Finally whilst you may have a different opinion as to the role of a maintainer, the tone of language used is not appropriate: please reduce the accusatory nature of your comments when posting to the mailing list.
I'm sorry but I'm really upset about this not being able to get over this problem for years and still don't see you can propose an alternative solution you'd accept just keep saying it's not acceptable for any patches I send trying to fix this. We have a problem booting MorphOS that I've debugged and identified that it could be fixed by adding a node to OpenBIOS one way or other and there are users out there who would be helped by this working in QEMU but I can't convince you that this problem is worth fixing. Why you can't accept a solution that fixes the problem and does not break other guests? Is it better for users to have clean code that does not work or a bit less clean but one that works? (And the OpenBIOS code is not that clean to begin with there are a lot of differences from real OpenFirmware so a bit more should not hurt as long as it works and the result is more guests booting.)
As a bonus I've also fixed compilation with gcc 10 but only because it was in the code I've contributed before.
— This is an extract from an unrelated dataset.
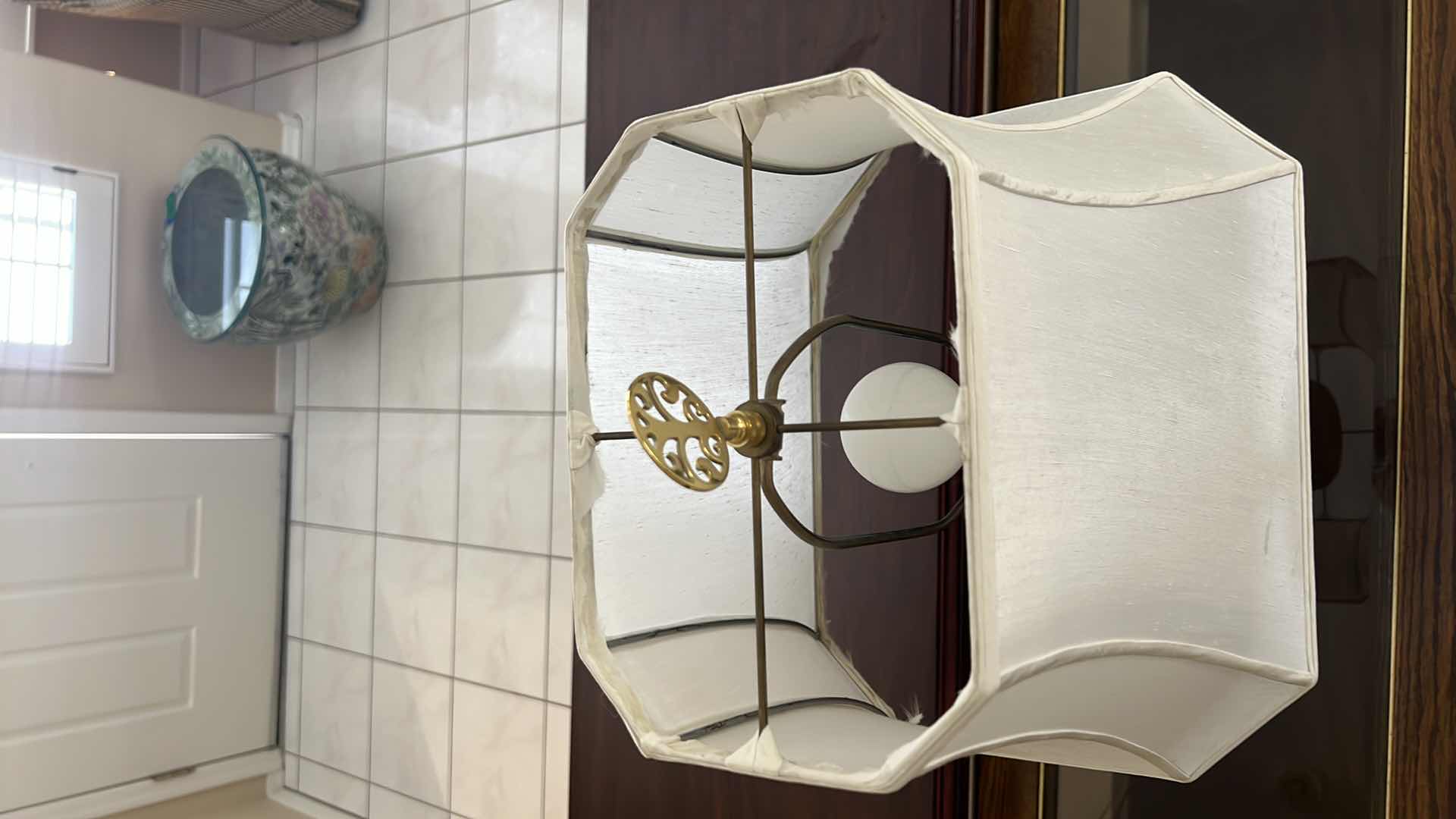 Photo 1 of CERAMIC TABLE LAMP ON BLACK WOOD BASE W SHADE H 31”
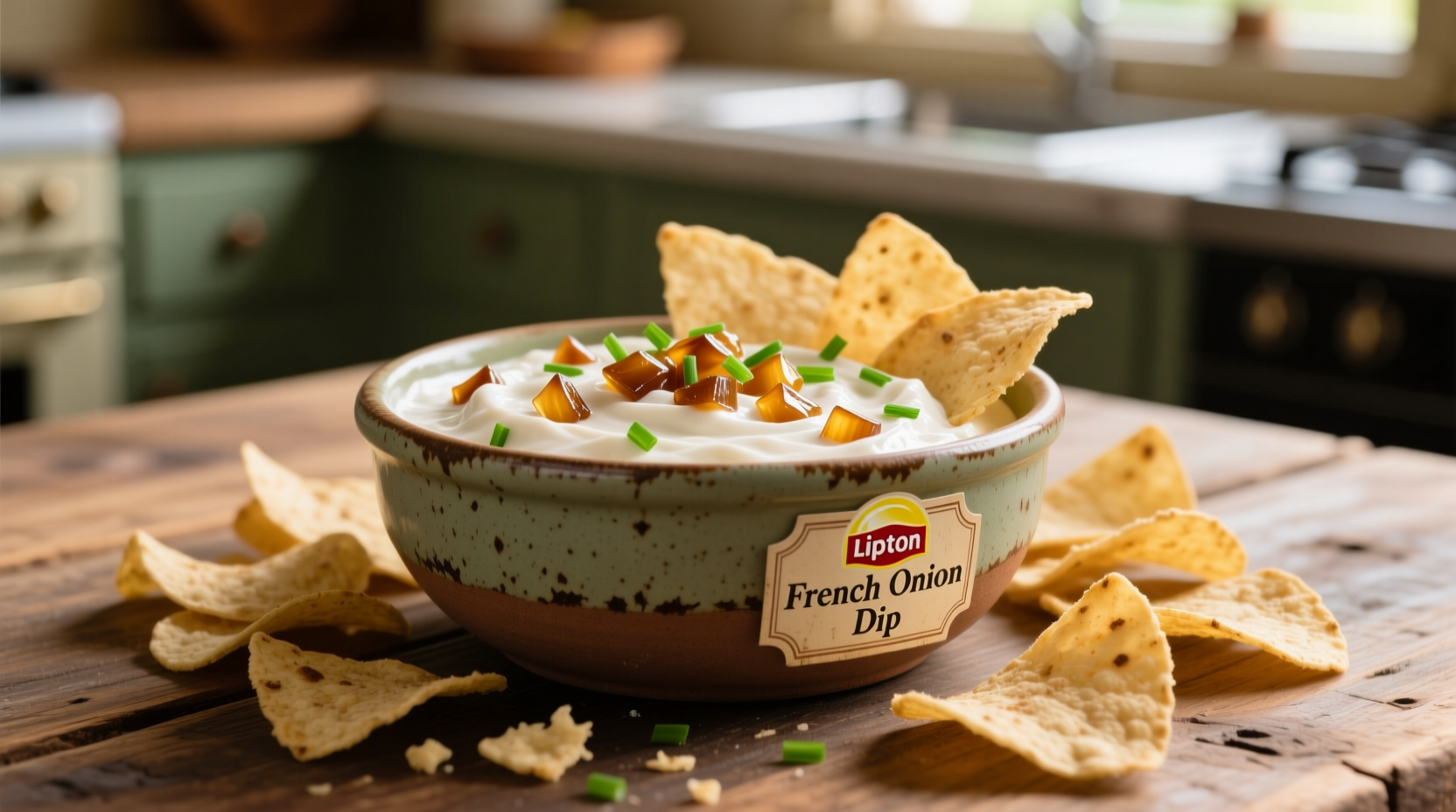 Classic Lipton French onion dip in serving bowl with chips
I'm at a point where it feels like wasting my time trying to contibute so I'm very close to give up on it.
Thanks, I'll have a look - although since we are in freeze it's likely this will be deferred until after QEMU 6.2 is released.
That's OK, however the MorphOS fix is something that can get in during the freeze and should be resolved. Please get one of the patches you're most happy with (or the least unhappy, I don't care) and get this solved at last.
Regards, BALATON Zoltan